• _TASK DIRECTIONS_: Without the pictures, repeat all of the data exactly as it appears below.

(Stored data)
■ ■ ■
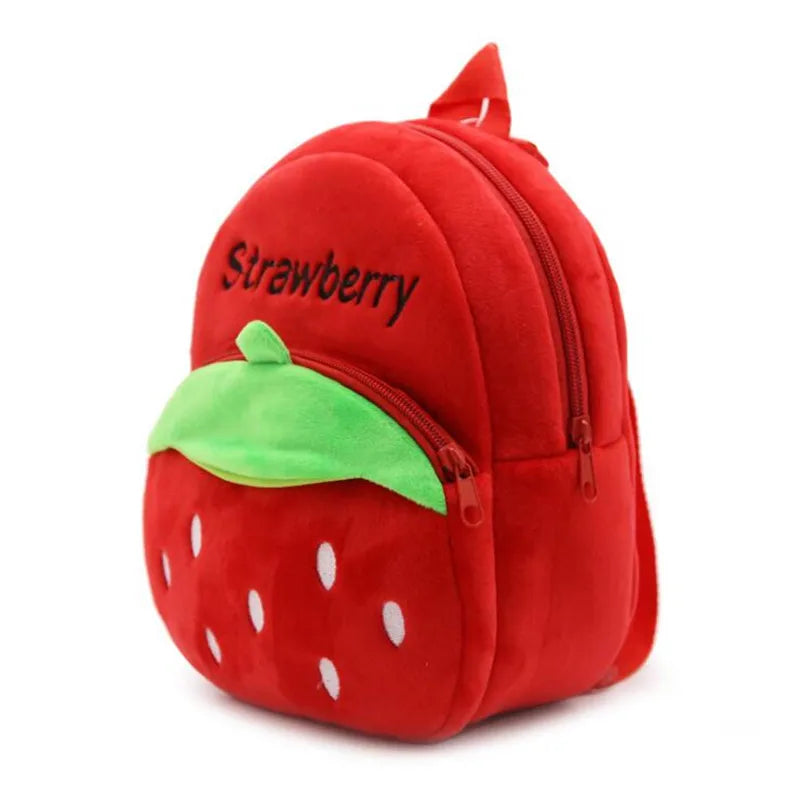 Berry Buddies: Cartoon Strawberry Plush Backpack for Kids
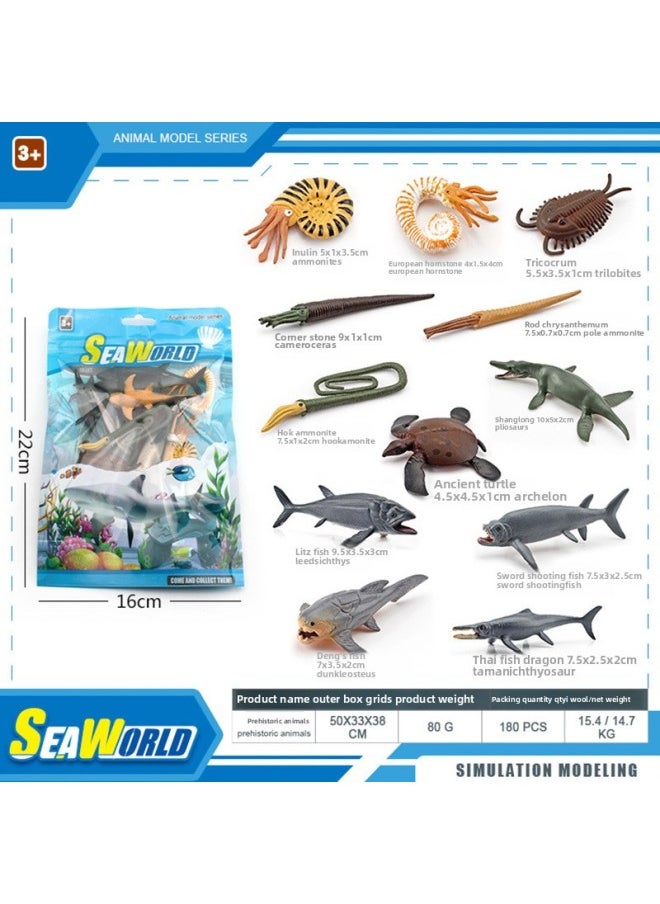 Generic - Simulation Ancient Marine Biological Static Model Mini Sardine Swordfish Great White Shark Shell Color Bag Ornaments-Color:BL-1031D Pelagic Fish 63g - Image 1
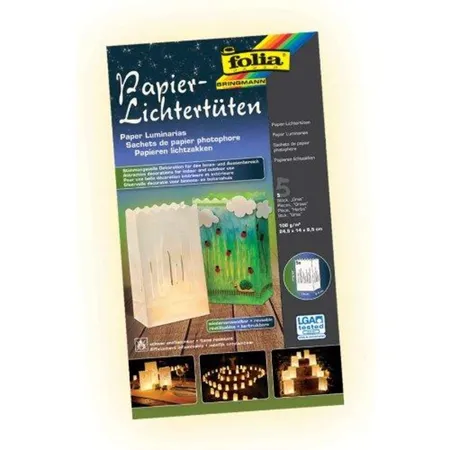 folia Papier Lichtertüten Gras, 5 Stück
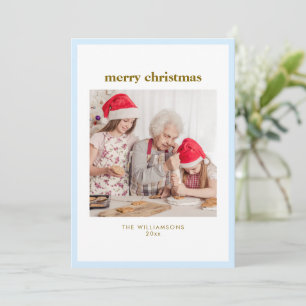 Modern Minimal Simple Blue Border Christmas Photo Holiday Card
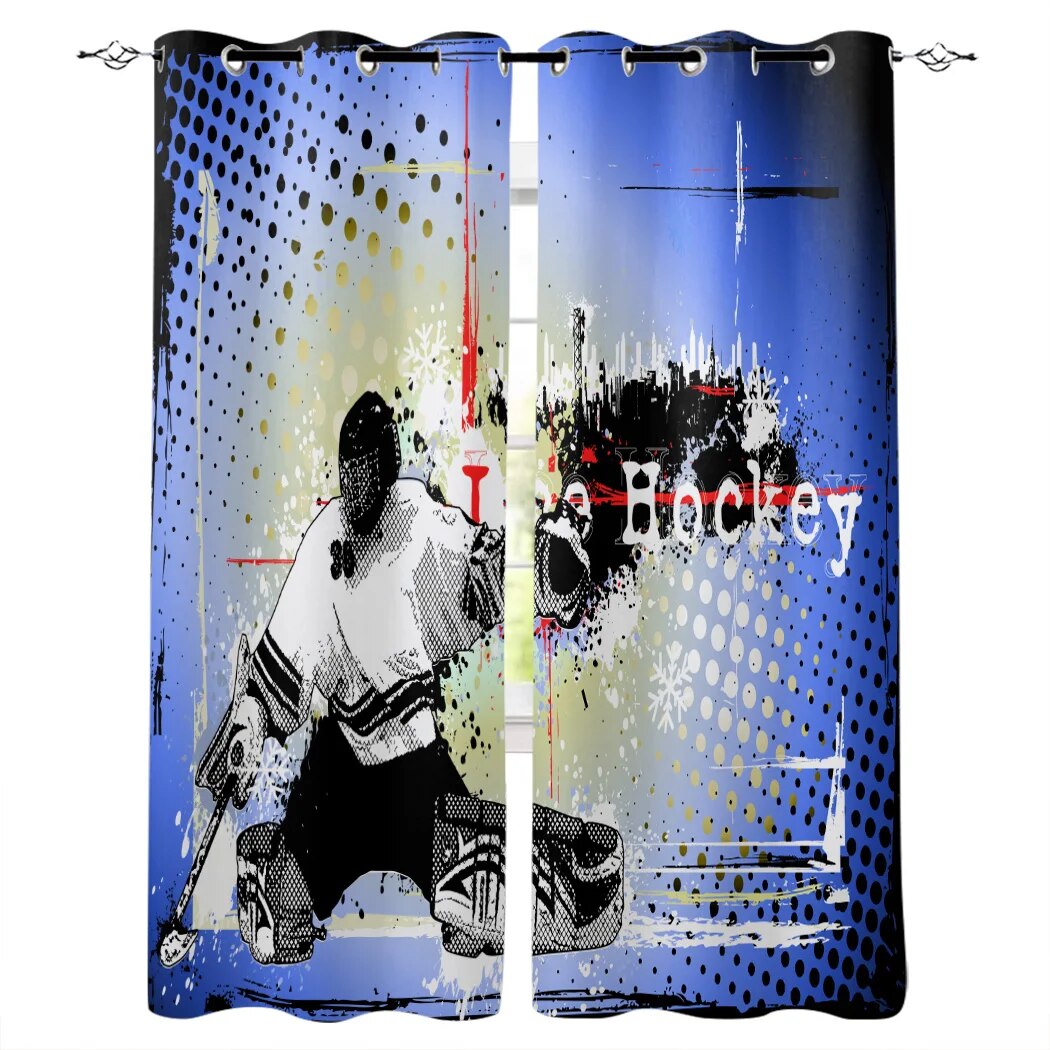 Ice Hockey Sports Window Treatments Curtains Valance Room Curtains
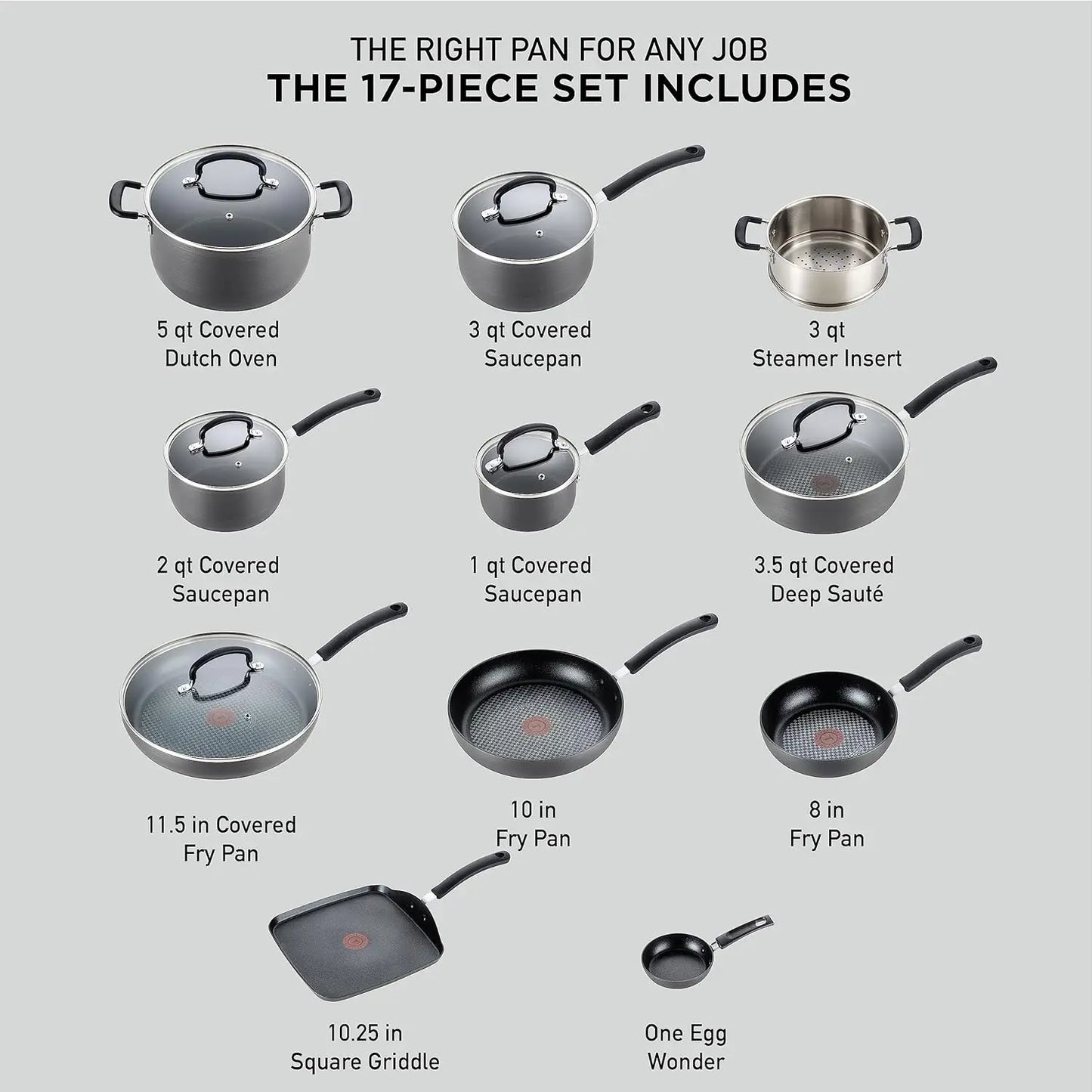 Ultimate Hard Anodized Nonstick Cookware Set 17 Piece Oven Safe 400F, Lid 350F Pots and Pans, Dishwasher Black - My Homes Goods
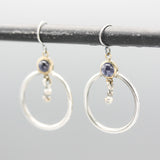 Earrings round amethyst in brass bezel setting with silver circle loop and silver beads on silver hooks style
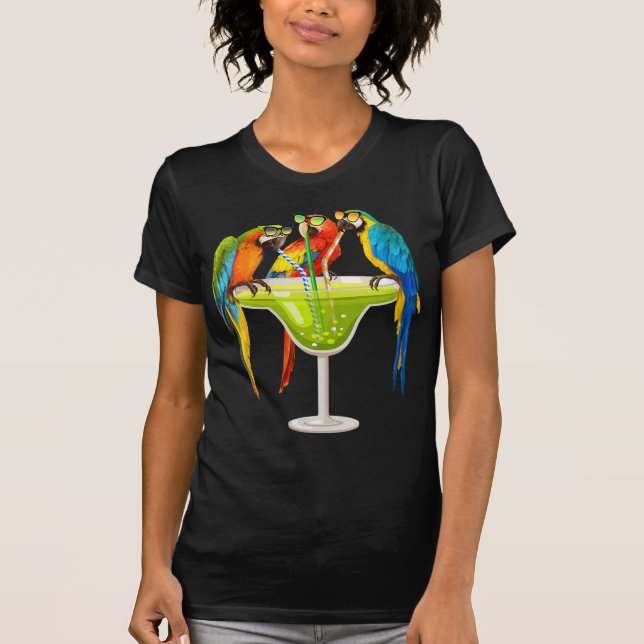 Camiseta Parrots Bebendo Margarita No Pássaro De Férias De  (Frente)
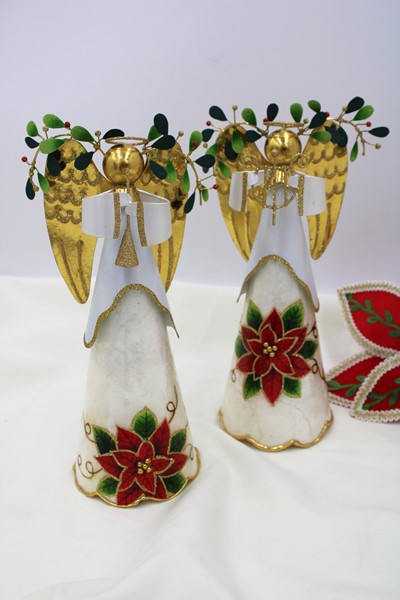 4.5x11" Capiz Angel w/ Poinsettia Design, Harp/Trumpet, 2 assorted CM1119A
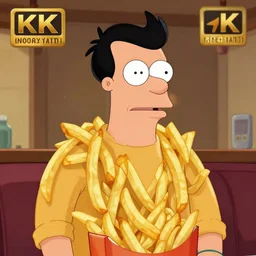 a portrait of fry from futurama made out of french fries, realistic, 4 k.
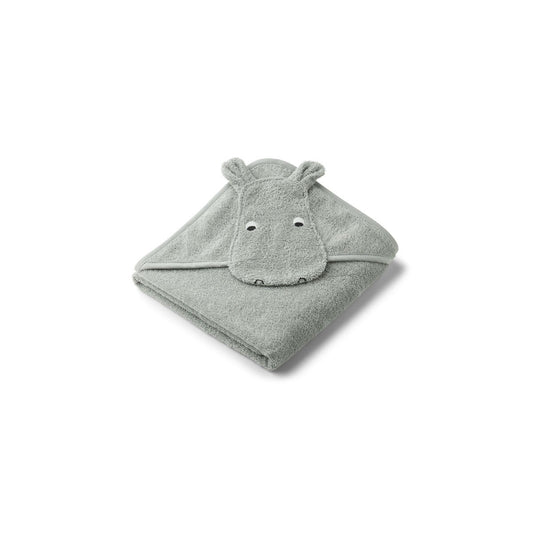 Albert hooded towel Hippo dove blue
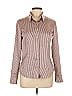 Contempo Stripes Brown Pink Long Sleeve Blouse Size 12 - photo 1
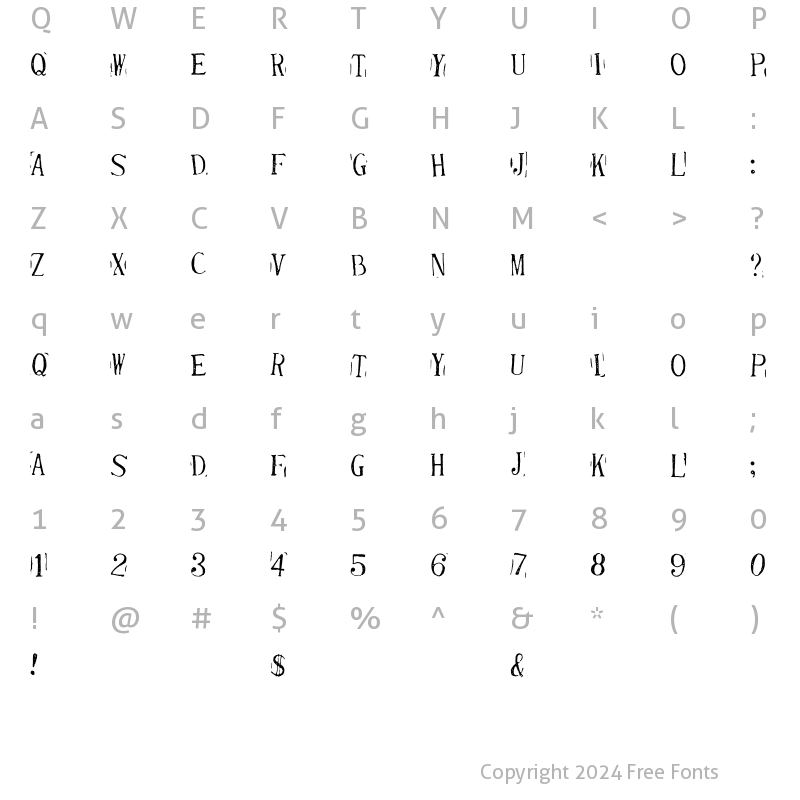 Character Map of Randy Described Eternity Regular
■ ■ ■
• _OUTPUT BELOW_:
 Berry Buddies: Cartoon Strawberry Plush Backpack for Kids
 Generic - Simulation Ancient Marine Biological Static Model Mini Sardine Swordfish Great White Shark Shell Color Bag Ornaments-Color:BL-1031D Pelagic Fish 63g - Image 1
 folia Papier Lichtertüten Gras, 5 Stück
 Modern Minimal Simple Blue Border Christmas Photo Holiday Card
 Ice Hockey Sports Window Treatments Curtains Valance Room Curtains
 Ultimate Hard Anodized Nonstick Cookware Set 17 Piece Oven Safe 400F, Lid 350F Pots and Pans, Dishwasher Black - My Homes Goods
 Earrings round amethyst in brass bezel setting with silver circle loop and silver beads on silver hooks style
 Camiseta Parrots Bebendo Margarita No Pássaro De Férias De  (Frente)
 4.5x11" Capiz Angel w/ Poinsettia Design, Harp/Trumpet, 2 assorted CM1119A
 a portrait of fry from futurama made out of french fries, realistic, 4 k.
 Albert hooded towel Hippo dove blue
 Contempo Stripes Brown Pink Long Sleeve Blouse Size 12 - photo 1
 Character Map of Randy Described Eternity Regular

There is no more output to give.